#### The problem
When the line containing "Dior Aviator Sunglasses" appears in the entries below, begin printing there and stop after the line containing "Chalkboard listing upcoming"; print each of those lines exactly and no other line.

(Short descriptive text snippets)

BEGIN

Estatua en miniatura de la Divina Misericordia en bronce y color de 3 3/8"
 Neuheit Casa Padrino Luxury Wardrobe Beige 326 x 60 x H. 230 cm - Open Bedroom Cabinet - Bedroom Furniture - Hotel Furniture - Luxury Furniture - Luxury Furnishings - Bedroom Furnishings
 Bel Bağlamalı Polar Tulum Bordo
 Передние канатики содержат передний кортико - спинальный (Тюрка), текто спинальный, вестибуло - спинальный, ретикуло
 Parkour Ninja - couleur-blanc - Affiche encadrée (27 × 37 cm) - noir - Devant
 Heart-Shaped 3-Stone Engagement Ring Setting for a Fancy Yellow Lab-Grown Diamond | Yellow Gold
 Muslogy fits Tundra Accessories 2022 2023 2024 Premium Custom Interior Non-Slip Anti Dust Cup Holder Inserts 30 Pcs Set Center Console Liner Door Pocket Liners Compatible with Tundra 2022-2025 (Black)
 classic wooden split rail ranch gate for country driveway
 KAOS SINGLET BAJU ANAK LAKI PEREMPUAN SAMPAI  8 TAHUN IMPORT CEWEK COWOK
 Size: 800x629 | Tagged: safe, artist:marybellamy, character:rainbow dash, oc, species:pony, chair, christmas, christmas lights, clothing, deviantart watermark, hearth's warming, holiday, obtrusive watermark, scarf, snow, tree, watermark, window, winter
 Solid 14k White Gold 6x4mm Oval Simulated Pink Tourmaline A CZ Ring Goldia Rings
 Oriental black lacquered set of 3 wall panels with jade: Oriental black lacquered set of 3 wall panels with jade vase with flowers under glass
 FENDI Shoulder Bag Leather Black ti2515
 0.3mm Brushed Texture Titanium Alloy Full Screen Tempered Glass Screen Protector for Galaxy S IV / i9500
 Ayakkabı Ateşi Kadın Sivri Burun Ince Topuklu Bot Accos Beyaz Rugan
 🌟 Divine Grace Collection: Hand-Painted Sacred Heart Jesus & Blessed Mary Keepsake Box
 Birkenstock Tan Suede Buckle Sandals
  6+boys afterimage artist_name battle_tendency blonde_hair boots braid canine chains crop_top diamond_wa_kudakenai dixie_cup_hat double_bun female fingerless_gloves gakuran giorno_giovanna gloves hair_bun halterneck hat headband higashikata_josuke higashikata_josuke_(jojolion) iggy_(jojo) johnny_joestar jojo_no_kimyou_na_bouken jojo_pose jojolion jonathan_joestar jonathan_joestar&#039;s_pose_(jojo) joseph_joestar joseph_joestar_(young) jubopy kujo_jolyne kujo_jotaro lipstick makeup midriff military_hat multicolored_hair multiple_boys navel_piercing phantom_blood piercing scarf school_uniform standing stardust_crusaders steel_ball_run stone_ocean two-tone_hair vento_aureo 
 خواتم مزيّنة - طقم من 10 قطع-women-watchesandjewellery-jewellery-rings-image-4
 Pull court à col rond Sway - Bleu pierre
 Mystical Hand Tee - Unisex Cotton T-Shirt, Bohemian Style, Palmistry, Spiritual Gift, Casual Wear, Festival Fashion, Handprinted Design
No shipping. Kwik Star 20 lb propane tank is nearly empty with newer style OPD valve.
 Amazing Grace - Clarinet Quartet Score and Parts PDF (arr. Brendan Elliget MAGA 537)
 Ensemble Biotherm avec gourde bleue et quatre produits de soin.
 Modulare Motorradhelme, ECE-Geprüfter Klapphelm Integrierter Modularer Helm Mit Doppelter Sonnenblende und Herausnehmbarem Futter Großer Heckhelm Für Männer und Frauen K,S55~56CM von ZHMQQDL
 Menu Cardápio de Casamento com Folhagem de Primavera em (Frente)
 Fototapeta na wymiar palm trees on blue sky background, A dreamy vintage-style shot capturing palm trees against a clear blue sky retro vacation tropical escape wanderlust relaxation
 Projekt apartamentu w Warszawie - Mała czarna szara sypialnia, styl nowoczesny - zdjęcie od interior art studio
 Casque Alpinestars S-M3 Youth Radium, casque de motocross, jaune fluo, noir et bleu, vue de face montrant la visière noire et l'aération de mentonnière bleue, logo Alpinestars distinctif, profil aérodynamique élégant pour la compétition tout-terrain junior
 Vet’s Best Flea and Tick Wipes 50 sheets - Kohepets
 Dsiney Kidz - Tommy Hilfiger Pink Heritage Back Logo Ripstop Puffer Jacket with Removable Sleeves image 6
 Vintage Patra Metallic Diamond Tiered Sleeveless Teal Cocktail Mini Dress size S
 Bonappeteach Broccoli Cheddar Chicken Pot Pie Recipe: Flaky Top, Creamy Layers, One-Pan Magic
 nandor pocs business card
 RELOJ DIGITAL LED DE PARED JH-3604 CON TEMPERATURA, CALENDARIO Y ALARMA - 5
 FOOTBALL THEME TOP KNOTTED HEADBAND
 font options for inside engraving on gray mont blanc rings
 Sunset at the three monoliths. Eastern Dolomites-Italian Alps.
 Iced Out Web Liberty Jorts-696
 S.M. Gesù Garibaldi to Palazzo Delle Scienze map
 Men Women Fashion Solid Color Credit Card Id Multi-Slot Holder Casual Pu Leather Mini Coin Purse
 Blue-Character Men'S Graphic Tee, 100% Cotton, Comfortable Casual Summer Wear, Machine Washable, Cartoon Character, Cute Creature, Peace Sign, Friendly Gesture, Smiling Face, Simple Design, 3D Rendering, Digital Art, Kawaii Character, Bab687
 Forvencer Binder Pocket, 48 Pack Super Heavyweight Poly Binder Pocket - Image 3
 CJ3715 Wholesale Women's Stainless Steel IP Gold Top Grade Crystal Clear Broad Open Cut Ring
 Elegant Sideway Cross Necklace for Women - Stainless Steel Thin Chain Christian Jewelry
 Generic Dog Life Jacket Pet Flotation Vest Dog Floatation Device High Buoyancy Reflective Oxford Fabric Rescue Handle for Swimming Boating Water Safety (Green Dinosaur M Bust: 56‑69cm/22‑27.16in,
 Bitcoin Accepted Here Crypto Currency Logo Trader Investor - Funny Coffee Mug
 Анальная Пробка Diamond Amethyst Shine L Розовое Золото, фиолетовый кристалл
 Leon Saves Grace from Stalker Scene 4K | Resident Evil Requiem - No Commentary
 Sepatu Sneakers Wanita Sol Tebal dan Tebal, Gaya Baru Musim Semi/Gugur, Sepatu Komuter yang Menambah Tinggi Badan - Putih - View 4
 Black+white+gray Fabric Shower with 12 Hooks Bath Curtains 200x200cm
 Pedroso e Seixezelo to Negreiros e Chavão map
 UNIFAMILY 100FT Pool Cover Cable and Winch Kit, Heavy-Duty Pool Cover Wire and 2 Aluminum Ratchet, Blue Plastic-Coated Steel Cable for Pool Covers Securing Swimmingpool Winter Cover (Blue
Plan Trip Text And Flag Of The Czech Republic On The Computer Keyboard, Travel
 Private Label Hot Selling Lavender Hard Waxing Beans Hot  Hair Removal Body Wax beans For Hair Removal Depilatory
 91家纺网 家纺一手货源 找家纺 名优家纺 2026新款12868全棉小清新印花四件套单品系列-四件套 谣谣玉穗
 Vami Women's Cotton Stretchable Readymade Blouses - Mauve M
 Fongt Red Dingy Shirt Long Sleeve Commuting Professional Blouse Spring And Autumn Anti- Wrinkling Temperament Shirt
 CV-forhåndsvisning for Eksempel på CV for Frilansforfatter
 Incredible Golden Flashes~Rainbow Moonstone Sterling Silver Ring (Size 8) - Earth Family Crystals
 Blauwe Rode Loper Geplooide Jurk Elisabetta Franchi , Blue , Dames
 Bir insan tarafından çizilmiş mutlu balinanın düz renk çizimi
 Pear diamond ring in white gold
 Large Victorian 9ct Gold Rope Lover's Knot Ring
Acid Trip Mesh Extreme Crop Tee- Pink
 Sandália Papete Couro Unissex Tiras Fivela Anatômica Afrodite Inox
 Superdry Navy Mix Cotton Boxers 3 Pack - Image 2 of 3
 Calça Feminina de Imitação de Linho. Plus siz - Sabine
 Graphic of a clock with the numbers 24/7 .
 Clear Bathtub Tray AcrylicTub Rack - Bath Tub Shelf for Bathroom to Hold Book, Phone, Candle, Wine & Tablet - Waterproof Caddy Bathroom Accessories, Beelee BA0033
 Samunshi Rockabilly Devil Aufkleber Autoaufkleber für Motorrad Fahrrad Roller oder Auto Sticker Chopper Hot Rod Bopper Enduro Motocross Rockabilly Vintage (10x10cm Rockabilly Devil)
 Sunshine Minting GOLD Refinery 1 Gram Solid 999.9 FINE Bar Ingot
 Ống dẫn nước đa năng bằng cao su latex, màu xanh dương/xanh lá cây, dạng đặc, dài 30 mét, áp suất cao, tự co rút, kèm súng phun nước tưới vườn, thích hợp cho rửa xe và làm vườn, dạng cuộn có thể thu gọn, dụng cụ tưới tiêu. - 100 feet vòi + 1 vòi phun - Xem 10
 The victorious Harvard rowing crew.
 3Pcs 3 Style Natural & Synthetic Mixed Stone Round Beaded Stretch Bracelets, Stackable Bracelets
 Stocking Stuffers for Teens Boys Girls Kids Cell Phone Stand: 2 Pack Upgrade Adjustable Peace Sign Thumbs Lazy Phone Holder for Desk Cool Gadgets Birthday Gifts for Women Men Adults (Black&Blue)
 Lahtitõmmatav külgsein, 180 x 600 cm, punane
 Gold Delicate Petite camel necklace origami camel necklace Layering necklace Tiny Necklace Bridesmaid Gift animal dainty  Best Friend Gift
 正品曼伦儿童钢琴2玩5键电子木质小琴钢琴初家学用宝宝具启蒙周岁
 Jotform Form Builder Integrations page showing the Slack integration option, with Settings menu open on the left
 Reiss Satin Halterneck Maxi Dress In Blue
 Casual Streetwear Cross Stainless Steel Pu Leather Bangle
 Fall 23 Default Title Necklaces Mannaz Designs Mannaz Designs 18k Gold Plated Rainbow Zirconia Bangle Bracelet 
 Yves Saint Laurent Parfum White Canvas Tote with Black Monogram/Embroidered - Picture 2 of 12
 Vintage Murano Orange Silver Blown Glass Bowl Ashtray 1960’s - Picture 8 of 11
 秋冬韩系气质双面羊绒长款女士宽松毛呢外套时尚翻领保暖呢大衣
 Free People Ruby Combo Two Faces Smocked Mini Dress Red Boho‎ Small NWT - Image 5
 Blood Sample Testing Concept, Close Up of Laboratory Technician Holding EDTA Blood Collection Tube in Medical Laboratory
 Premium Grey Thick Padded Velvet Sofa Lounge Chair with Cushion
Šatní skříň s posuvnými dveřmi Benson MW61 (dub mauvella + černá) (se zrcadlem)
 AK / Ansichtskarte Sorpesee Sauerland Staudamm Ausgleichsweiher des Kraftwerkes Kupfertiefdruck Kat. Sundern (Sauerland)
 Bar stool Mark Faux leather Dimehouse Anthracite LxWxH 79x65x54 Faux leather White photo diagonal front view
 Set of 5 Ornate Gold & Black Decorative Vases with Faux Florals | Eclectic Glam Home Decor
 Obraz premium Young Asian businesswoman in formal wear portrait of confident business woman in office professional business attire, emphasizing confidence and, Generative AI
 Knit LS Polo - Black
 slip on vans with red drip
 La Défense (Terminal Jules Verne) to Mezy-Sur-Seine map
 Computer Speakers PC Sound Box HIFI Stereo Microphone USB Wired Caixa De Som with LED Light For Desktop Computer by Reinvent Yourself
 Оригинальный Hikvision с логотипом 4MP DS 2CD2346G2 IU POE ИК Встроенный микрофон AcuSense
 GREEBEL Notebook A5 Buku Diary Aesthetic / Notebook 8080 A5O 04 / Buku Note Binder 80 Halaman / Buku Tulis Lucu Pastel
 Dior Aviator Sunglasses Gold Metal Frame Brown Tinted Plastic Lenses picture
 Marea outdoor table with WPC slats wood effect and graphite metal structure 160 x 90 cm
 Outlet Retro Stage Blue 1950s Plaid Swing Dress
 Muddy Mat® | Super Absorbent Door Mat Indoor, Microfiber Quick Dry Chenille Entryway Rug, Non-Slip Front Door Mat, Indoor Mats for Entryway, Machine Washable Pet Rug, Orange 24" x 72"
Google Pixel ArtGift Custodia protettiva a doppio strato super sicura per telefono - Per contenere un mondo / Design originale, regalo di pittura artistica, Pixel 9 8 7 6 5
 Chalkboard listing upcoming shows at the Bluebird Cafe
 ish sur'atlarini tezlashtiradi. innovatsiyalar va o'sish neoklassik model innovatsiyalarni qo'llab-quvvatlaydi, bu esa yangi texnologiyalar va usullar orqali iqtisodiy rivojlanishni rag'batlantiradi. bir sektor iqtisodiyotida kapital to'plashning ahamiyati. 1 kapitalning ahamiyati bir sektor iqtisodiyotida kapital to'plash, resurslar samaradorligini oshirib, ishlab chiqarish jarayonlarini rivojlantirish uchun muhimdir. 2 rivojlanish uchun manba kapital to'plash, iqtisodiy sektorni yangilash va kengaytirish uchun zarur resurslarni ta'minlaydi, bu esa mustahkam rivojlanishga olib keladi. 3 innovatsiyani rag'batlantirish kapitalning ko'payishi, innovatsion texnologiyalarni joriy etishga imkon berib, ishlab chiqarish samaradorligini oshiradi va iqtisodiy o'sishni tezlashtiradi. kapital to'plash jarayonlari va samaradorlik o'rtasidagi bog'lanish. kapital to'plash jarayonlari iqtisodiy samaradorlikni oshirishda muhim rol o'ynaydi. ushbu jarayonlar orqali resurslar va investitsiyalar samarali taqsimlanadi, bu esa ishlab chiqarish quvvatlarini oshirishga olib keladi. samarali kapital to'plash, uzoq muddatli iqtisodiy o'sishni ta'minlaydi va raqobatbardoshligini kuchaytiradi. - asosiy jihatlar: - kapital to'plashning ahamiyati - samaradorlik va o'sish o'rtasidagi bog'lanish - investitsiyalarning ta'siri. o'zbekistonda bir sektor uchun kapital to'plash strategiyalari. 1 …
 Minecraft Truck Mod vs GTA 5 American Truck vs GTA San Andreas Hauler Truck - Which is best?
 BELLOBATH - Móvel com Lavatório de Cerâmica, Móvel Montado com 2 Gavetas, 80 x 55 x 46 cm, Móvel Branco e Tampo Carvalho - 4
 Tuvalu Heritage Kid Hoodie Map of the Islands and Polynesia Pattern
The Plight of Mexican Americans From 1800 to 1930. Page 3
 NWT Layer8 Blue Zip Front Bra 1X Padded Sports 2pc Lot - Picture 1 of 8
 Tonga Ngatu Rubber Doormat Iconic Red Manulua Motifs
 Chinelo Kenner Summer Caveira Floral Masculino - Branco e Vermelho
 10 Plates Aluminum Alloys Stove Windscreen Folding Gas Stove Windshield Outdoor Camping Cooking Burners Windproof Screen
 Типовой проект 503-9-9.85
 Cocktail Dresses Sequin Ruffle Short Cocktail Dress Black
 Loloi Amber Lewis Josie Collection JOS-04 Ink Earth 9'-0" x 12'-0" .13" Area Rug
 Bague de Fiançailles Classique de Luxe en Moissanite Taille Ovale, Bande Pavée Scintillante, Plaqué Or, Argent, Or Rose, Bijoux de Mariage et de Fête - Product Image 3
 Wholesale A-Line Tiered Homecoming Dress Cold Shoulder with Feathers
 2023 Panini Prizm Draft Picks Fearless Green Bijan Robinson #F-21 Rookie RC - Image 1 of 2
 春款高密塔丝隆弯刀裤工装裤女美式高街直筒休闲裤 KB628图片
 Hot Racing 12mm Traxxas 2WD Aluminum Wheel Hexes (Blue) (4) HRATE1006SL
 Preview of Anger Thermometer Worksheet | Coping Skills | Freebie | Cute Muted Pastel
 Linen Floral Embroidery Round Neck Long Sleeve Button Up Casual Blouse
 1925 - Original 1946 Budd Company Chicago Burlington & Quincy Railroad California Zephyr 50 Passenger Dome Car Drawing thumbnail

END

#### The completed task
 Dior Aviator Sunglasses Gold Metal Frame Brown Tinted Plastic Lenses picture
 Marea outdoor table with WPC slats wood effect and graphite metal structure 160 x 90 cm
 Outlet Retro Stage Blue 1950s Plaid Swing Dress
 Muddy Mat® | Super Absorbent Door Mat Indoor, Microfiber Quick Dry Chenille Entryway Rug, Non-Slip Front Door Mat, Indoor Mats for Entryway, Machine Washable Pet Rug, Orange 24" x 72"
Google Pixel ArtGift Custodia protettiva a doppio strato super sicura per telefono - Per contenere un mondo / Design originale, regalo di pittura artistica, Pixel 9 8 7 6 5
 Chalkboard listing upcoming shows at the Bluebird Cafe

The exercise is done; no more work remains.